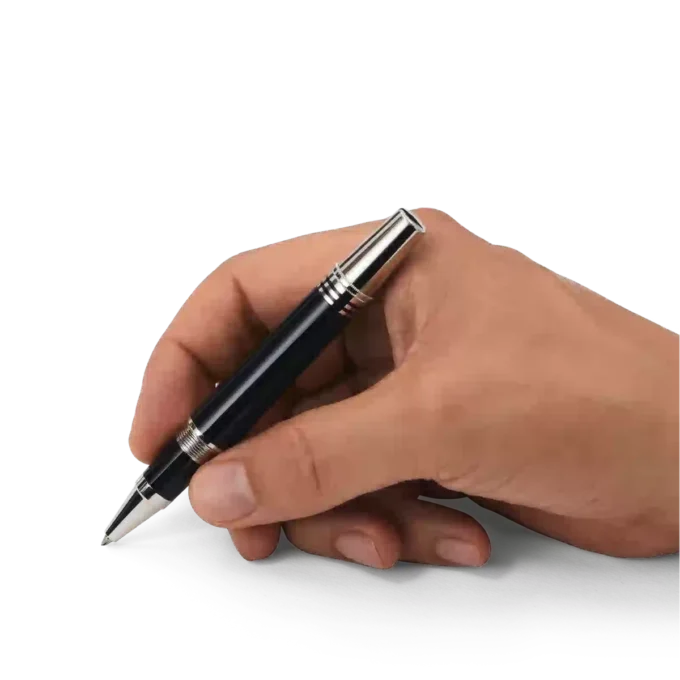 Rollerball Édition spéciale John F. Kennedy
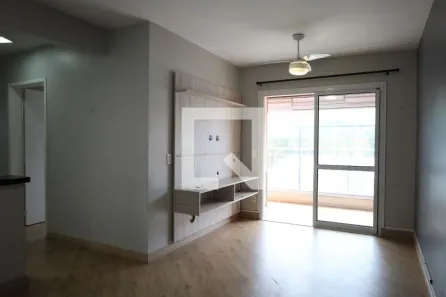 Apartamento com 2 Quartos à venda, 67m² no Vila do Castelo, São Paulo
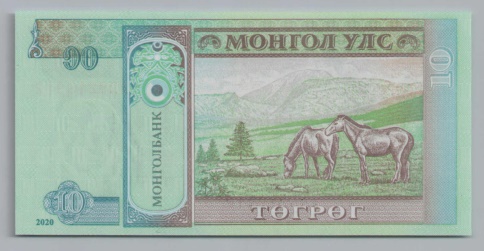 [Resmi Tam Görüntüle]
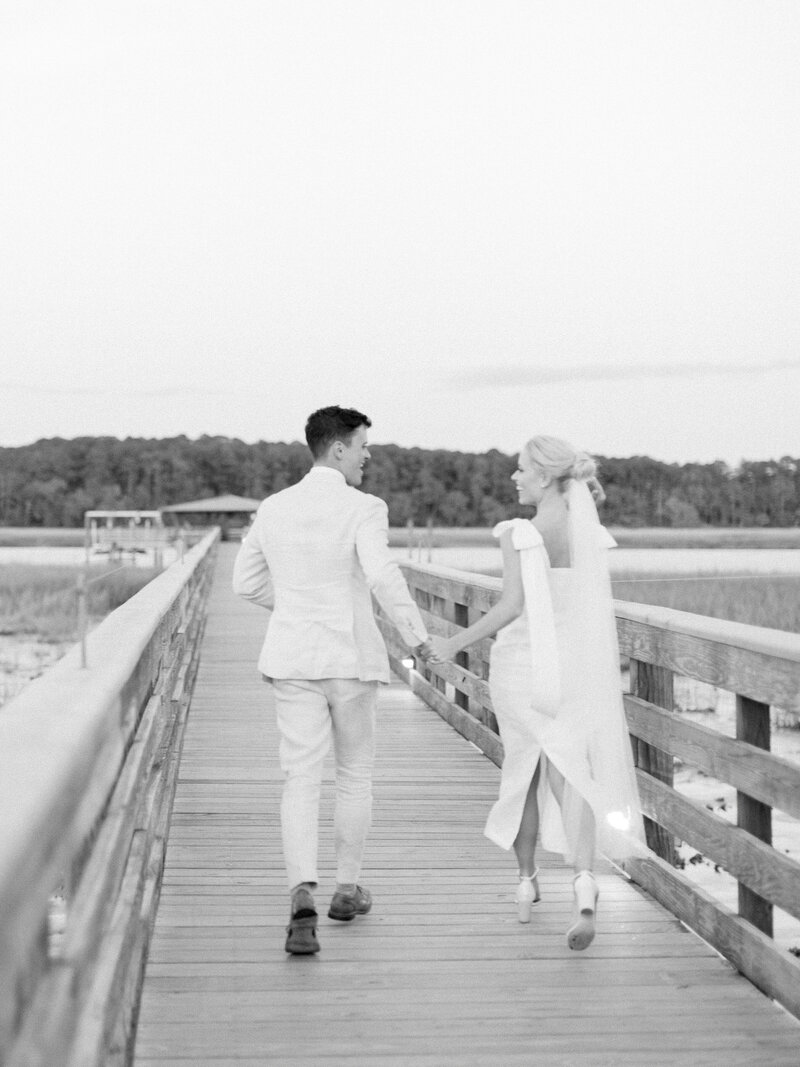 SavannahWedding140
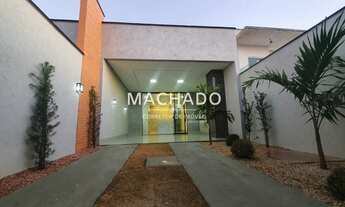 Imagem 3: Casa à venda Parque das Flores (fica setor Barravento ) Goiânia/GO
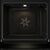  Духовой шкаф Gorenje BOS67372CLI 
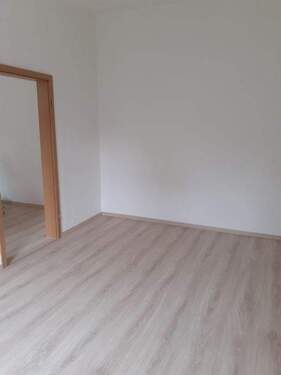 Kinderzimmer 2 - 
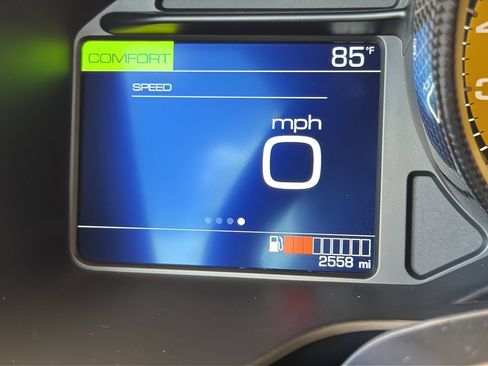 Used 2023 Ferrari Portofino M RWD image 24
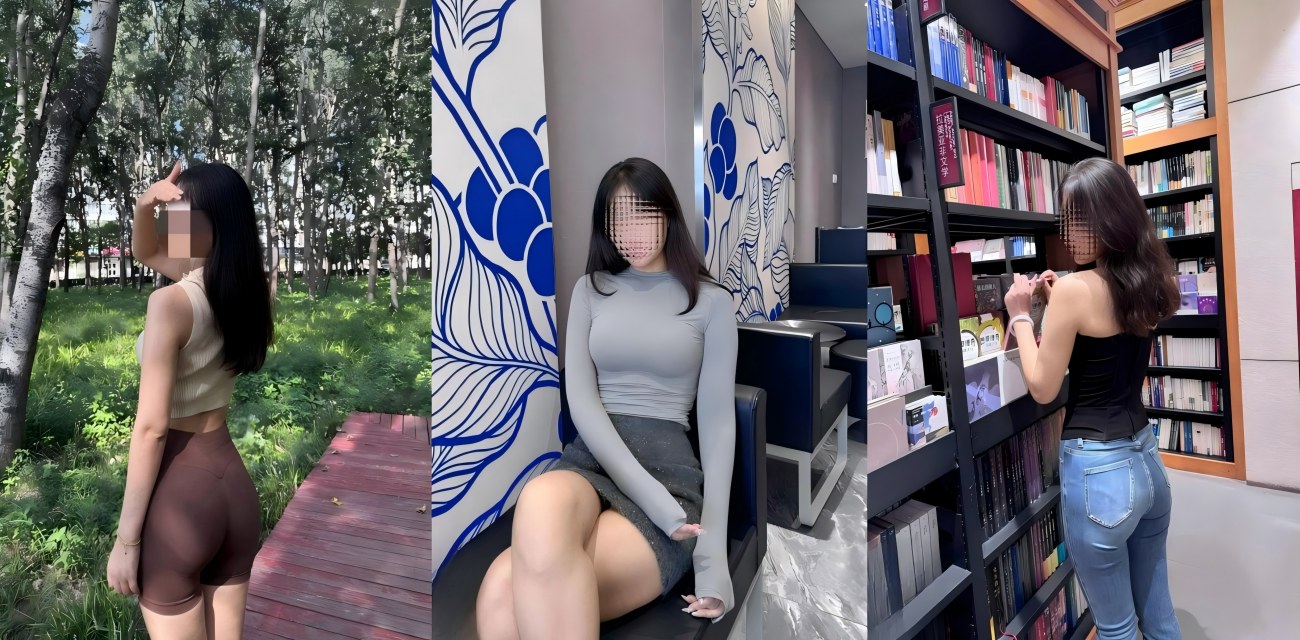 海角大神39岁妈妈 堂姐经期不给操 结果我硬上爆操屁眼给她送上高潮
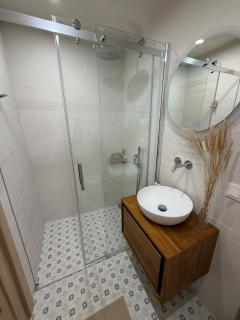 SAVA NIDA - Stylish Apartment in Nida - 7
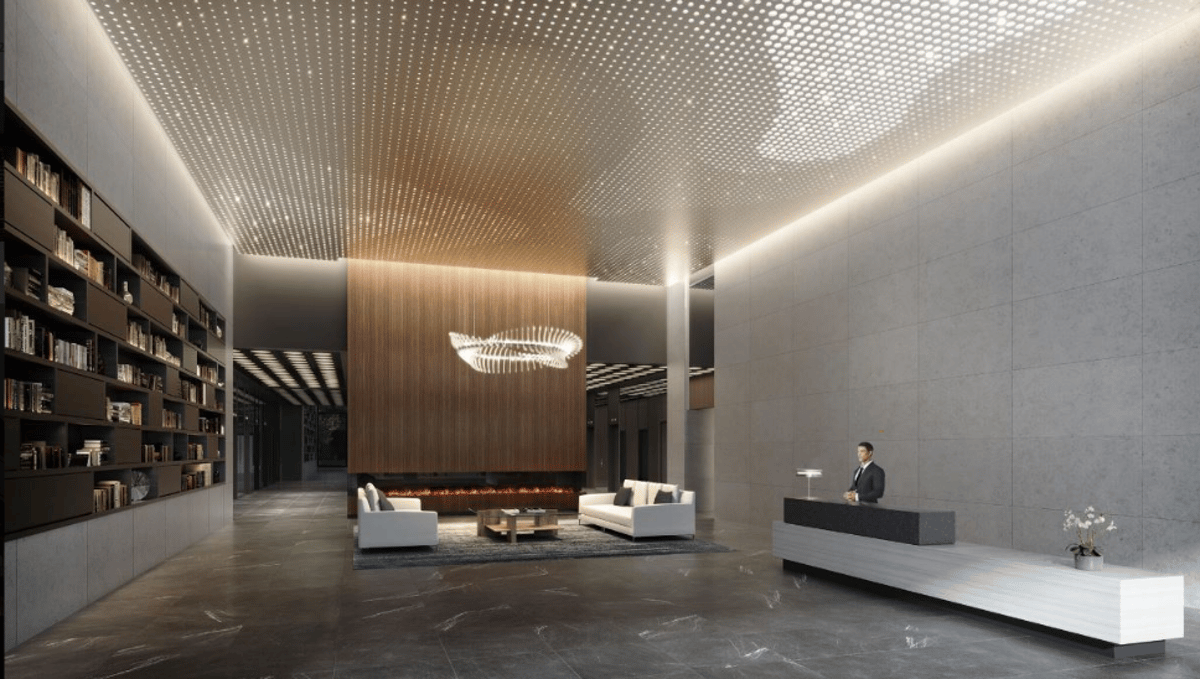 Photo for 180 WATER - 180 Water Street Rental Building in Financial District, Manhattan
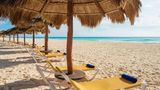 IBEROSTAR Cancun Beach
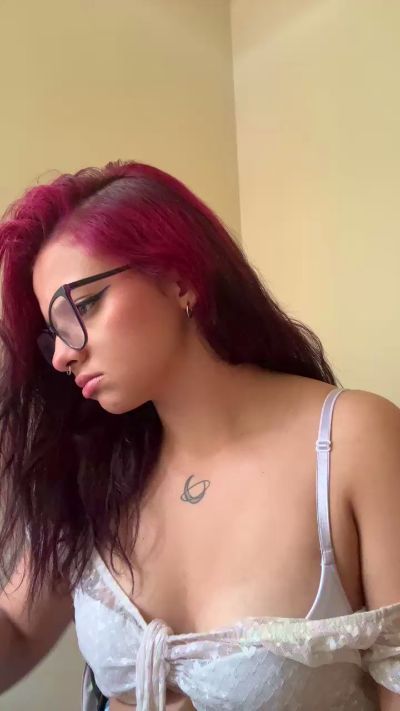 Изображение секс-шоу модели Cata_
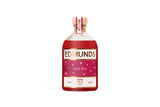 Edmunds Cocktails - Let it Sloe 100ml bottle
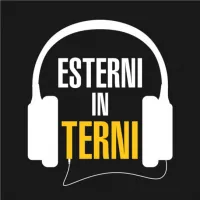 Esterni inTerni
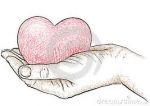 Nel cuore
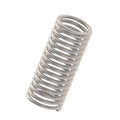 R527974: Fits John Deere R527974 Compression Spring – Genuine OEM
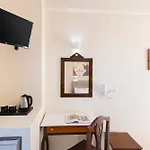 Stella 3*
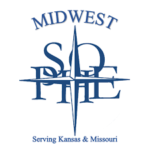 Midwest SOPHE Chapter logo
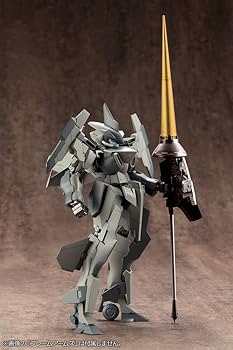 Amazon | M.S.G モデリングサポートグッズ ウェポンユニット08EX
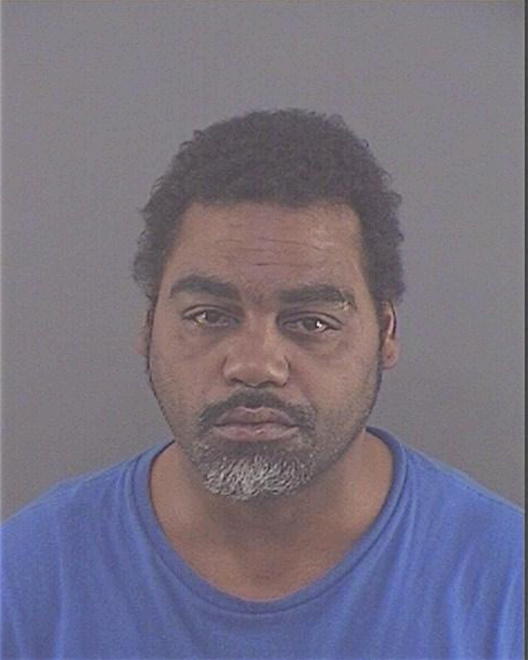 JOHNSON, WILLIE JAMES - Peoria County, IL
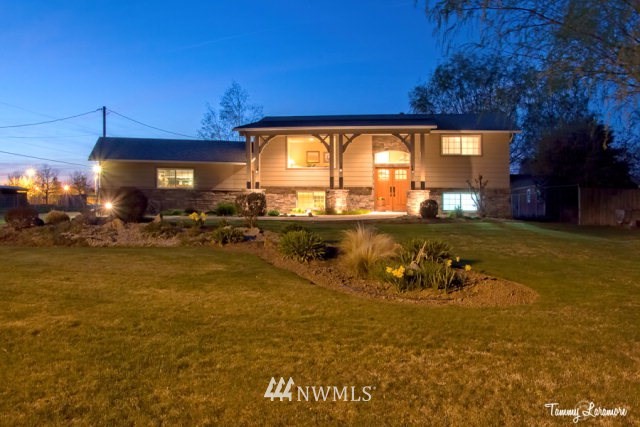 1015 Abbott Road Walla Walla, WA 99362 - Photo 23 of 23 Gallery Image 23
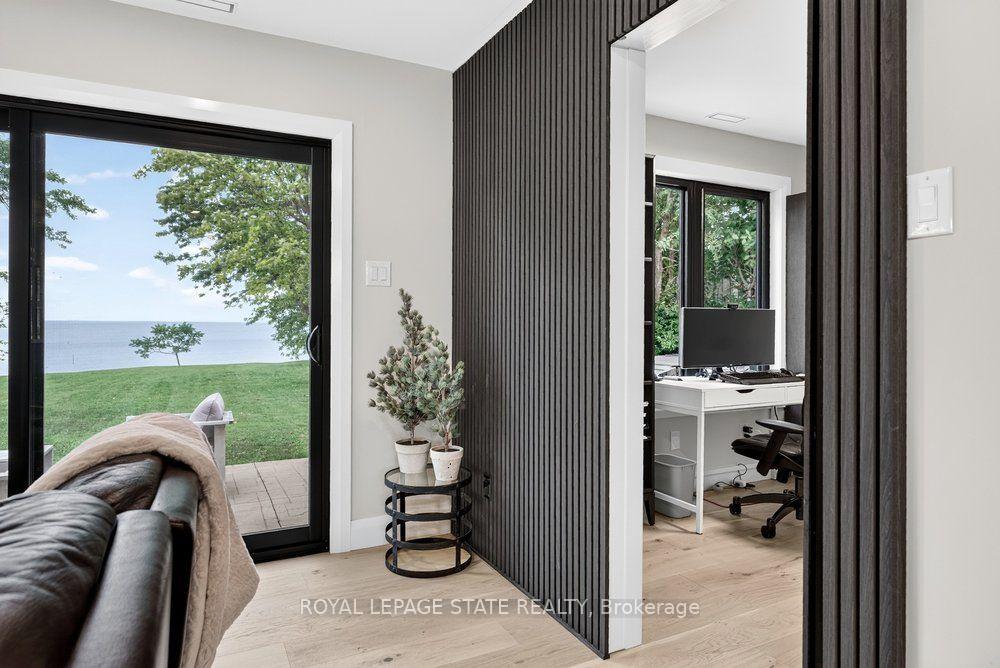 Photo 24 of 90 Lakeside Drive, Grimsby, Grimsby Beach — HOMEH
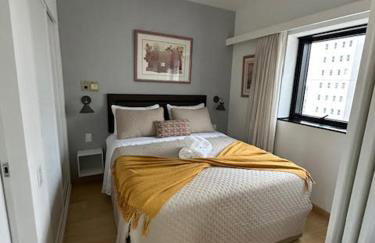 Studio Living Lê Premier Jardins - Foto 16
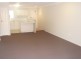 6/46 Kadumba St, Yeronga QLD 4104
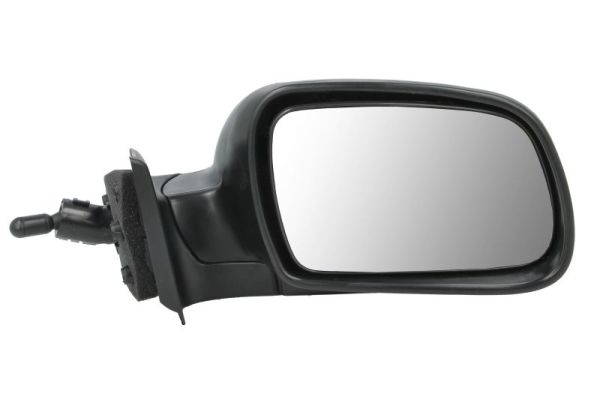 Exterior Mirror (5402-04-1138397P)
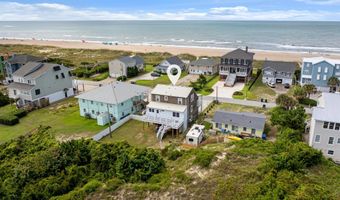 413 Club Colony Dr, Atlantic Beach, NC 28512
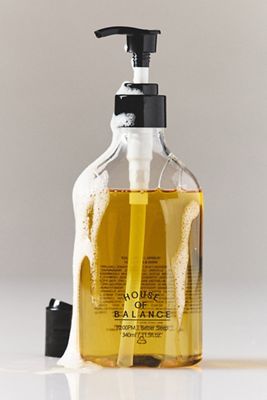 House Of Balance Mind & Body Wash
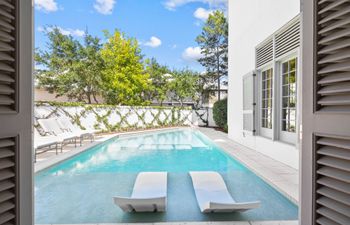 Rosemary Shores Holiday Home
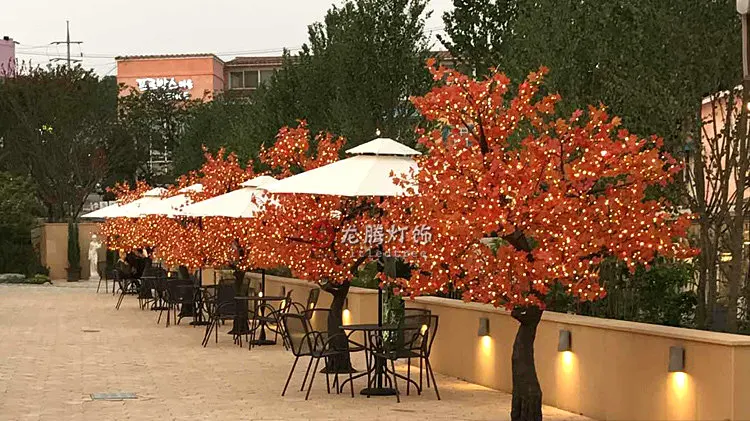 For  villa decoration.jpg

What you have to do
Please output, exactly and with no pictures, only the lines from the one containing "SavannahWedding140" through the final line of the records above.

Result for this task
 SavannahWedding140
 Imagem 3: Casa à venda Parque das Flores (fica setor Barravento ) Goiânia/GO
  Духовой шкаф Gorenje BOS67372CLI 
 Kinderzimmer 2 - 
 Used 2023 Ferrari Portofino M RWD image 24
 海角大神39岁妈妈 堂姐经期不给操 结果我硬上爆操屁眼给她送上高潮
 SAVA NIDA - Stylish Apartment in Nida - 7
 Photo for 180 WATER - 180 Water Street Rental Building in Financial District, Manhattan
 IBEROSTAR Cancun Beach
 Изображение секс-шоу модели Cata_
 Edmunds Cocktails - Let it Sloe 100ml bottle
 Esterni inTerni
 Nel cuore
 R527974: Fits John Deere R527974 Compression Spring – Genuine OEM
 Stella 3*
 Midwest SOPHE Chapter logo
 Amazon | M.S.G モデリングサポートグッズ ウェポンユニット08EX
 JOHNSON, WILLIE JAMES - Peoria County, IL
 1015 Abbott Road Walla Walla, WA 99362 - Photo 23 of 23 Gallery Image 23
 Photo 24 of 90 Lakeside Drive, Grimsby, Grimsby Beach — HOMEH
 Studio Living Lê Premier Jardins - Foto 16
 6/46 Kadumba St, Yeronga QLD 4104
 Exterior Mirror (5402-04-1138397P)
 413 Club Colony Dr, Atlantic Beach, NC 28512
 House Of Balance Mind & Body Wash
 Rosemary Shores Holiday Home
 For  villa decoration.jpg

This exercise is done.